Smoky Shrimp and Corn Bowls with Dill & Buttermilk Ranch

A delicious and flavorful dish featuring smoky shrimp and sweet corn, topped with a creamy dill and buttermilk ranch dressing.

Ingredients

Scale
  • 1 lb shrimp, peeled and deveined
  • 2 cups corn, fresh or frozen
  • 2 tablespoons olive oil
  • 1 teaspoon smoked paprika
  • 1 teaspoon garlic powder
  • Salt and pepper to taste
  • 1/2 cup buttermilk
  • 1/4 cup mayonnaise
  • 2 tablespoons fresh dill, chopped
  • 1 tablespoon lemon juice
  • 4 cups mixed greens

Instructions

  1. In a bowl, combine shrimp, olive oil, smoked paprika, garlic powder, salt, and pepper. Toss to coat.
  2. Heat a skillet over medium-high heat and add the shrimp. Cook for 2-3 minutes on each side until pink and cooked through.
  3. If using fresh corn, grill or sauté it until tender.
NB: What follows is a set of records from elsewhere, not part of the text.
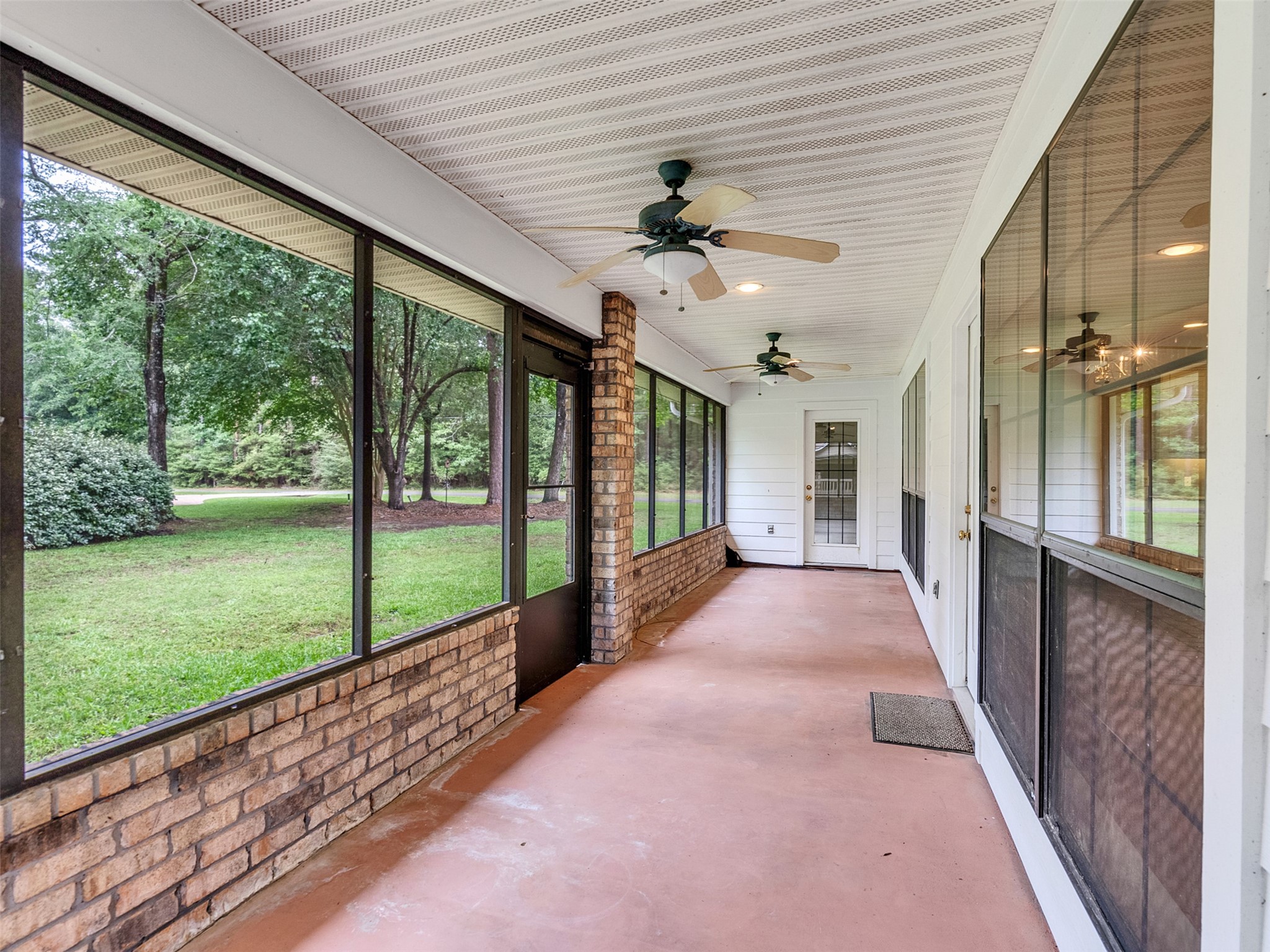 195 Coral Gables Trinity, TX 75862 - Photo 37 of 50 Lovely screened in porch and the primary bedroom has a private entrace.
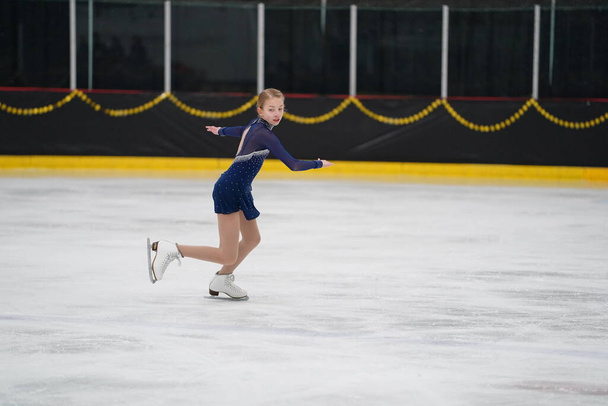 Mosinee, Wisconsin, EE.UU. - 26 de febrero de 2021: Mujer adulta con un hermoso vestido azul participó en la competencia de patinaje sobre hielo de los juegos de invierno de Badger State. - Foto, Imagen
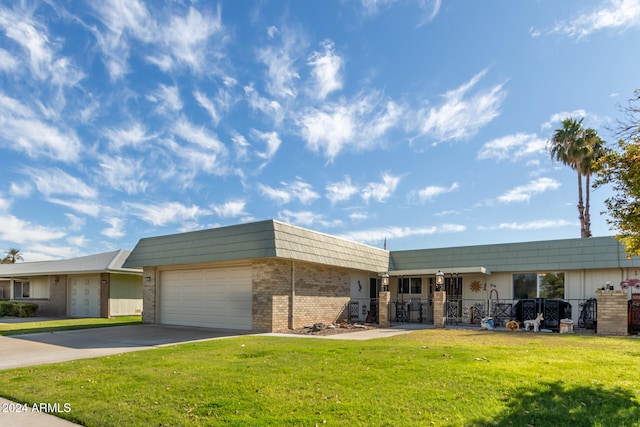 ranch-style house with a garage and a front yard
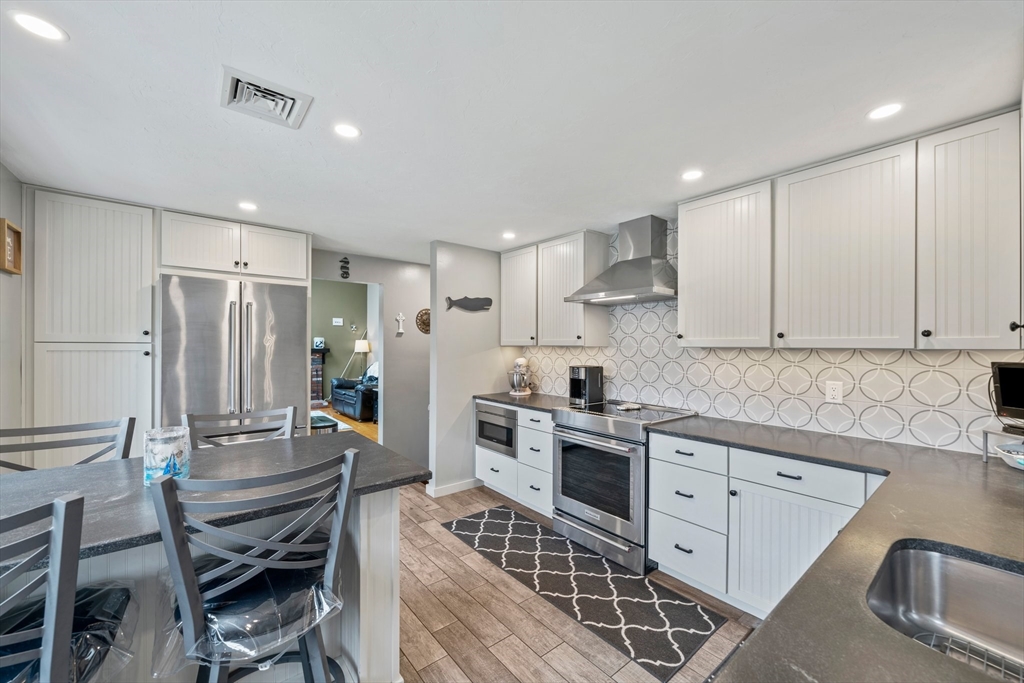 7 Signal Hill Road Marshfield, MA 02050 - Photo 4 of 42 a kitchen with refrigerator cabinets dining table and chairs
If using frozen, cook according to package instructions.
  4. In a separate bowl, whisk together buttermilk, mayonnaise, dill, and lemon juice to make the ranch dressing.
  5. To assemble, place mixed greens in bowls, top with shrimp and corn, and drizzle with dill buttermilk ranch dressing.

Notes

  • For a spicier kick, add cayenne pepper to the shrimp seasoning.
  • This dish can be served warm or cold.
  • Leftovers can be stored in the refrigerator for up to 2 days.